The problem :: A verbatim printing of the entries that follow is needed; pictures must not appear in it.

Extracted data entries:
"""
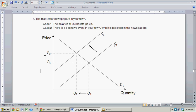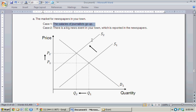Because this input cost is going up, these newspaper suppliers at every given price are reducing the quantity supplied — this reflects the inward shift in the supply curve. Given the inward shift in the supply curve, the demand curve is unchanged, and our new equilibrium price is P2, which is a higher price than before. Our equilibrium quantity is Q2, which is a lower quantity. So the increase in salary costs increases the price and decreases the quantity of newspapers in this town.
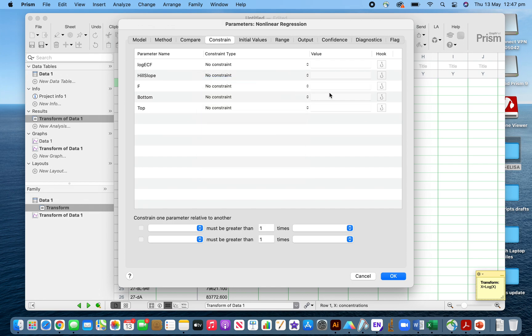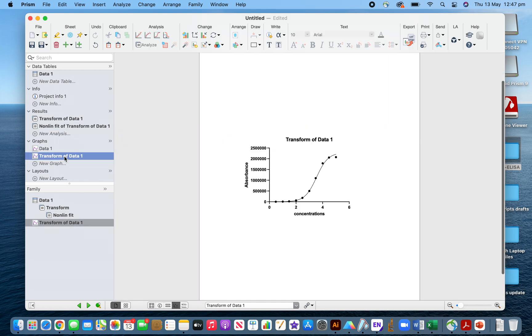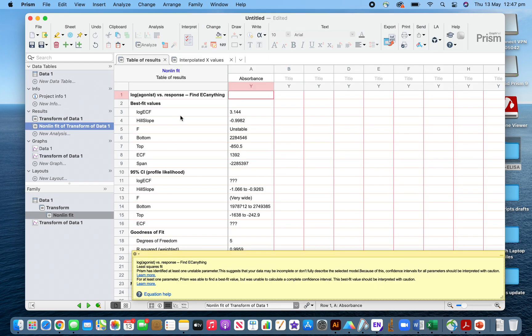If the bottom is present, you have to transform these into no constraints, otherwise you have to put the bottom here. It's always better to make it no constraints. Now if you click OK, then check the graph here.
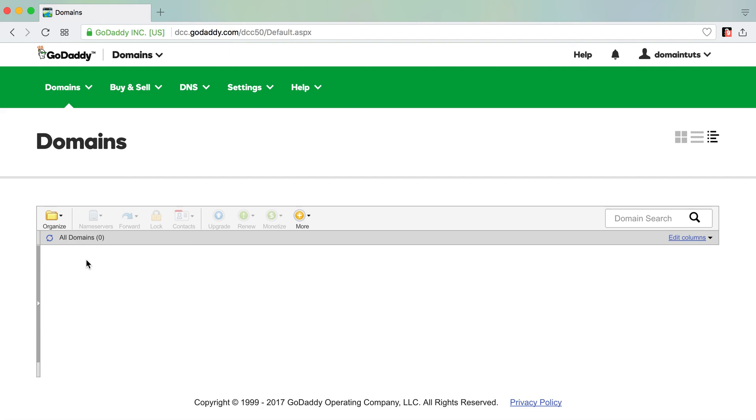And last but not least, please visit kickstartcommerce.com and sign up for our newsletter, where I share search marketing and domain investing ideas to grow your business. That's all for now. Thanks!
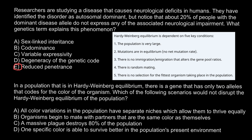Fourth, there is random mating, and fifth, there is no selection for the fittest organism taking place in the population. Now let's check the answers. One answer says a specific color is able to survive better in the population's present environment — we're talking about a color that gives better fitness. Checking against condition five — no selection for the fittest — this is the wrong answer, so we can cross it out.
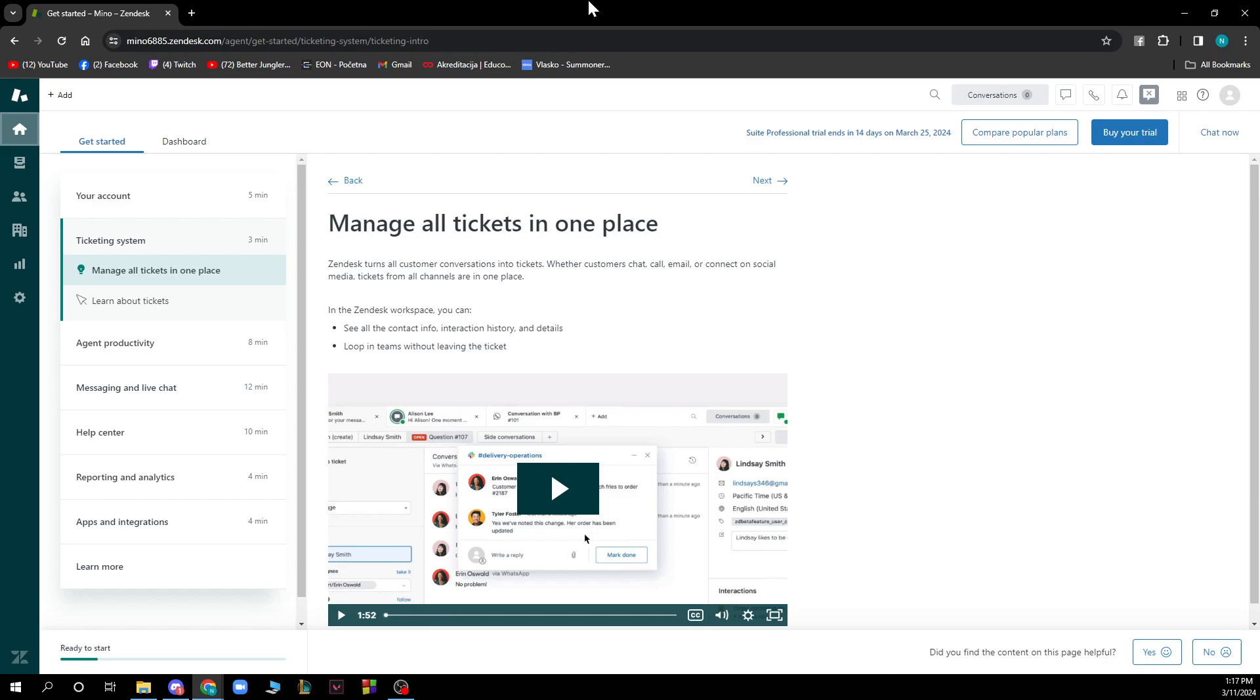Now that we got that out of the way, let's see what we actually have in front of us. So as you can see here we have the Zendesk official website where you can get started and create some of the stuff on your account.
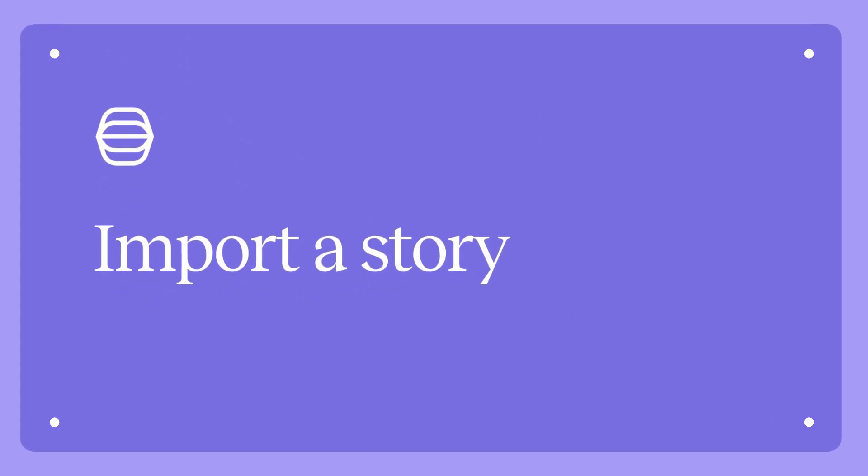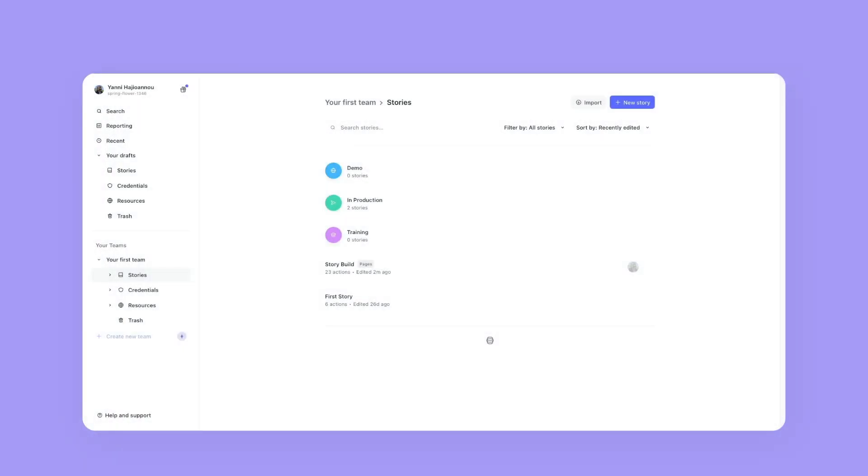Hi, this is Yanni and welcome to another how-to video. In today's video, we're going to be taking a look at how to import a story.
"""
Written answer ::
Because this input cost is going up, these newspaper suppliers at every given price are reducing the quantity supplied — this reflects the inward shift in the supply curve. Given the inward shift in the supply curve, the demand curve is unchanged, and our new equilibrium price is P2, which is a higher price than before. Our equilibrium quantity is Q2, which is a lower quantity. So the increase in salary costs increases the price and decreases the quantity of newspapers in this town.
If the bottom is present, you have to transform these into no constraints, otherwise you have to put the bottom here. It's always better to make it no constraints. Now if you click OK, then check the graph here.
And last but not least, please visit kickstartcommerce.com and sign up for our newsletter, where I share search marketing and domain investing ideas to grow your business. That's all for now. Thanks!
Fourth, there is random mating, and fifth, there is no selection for the fittest organism taking place in the population. Now let's check the answers. One answer says a specific color is able to survive better in the population's present environment — we're talking about a color that gives better fitness. Checking against condition five — no selection for the fittest — this is the wrong answer, so we can cross it out.
Now that we got that out of the way, let's see what we actually have in front of us. So as you can see here we have the Zendesk official website where you can get started and create some of the stuff on your account.
Hi, this is Yanni and welcome to another how-to video. In today's video, we're going to be taking a look at how to import a story.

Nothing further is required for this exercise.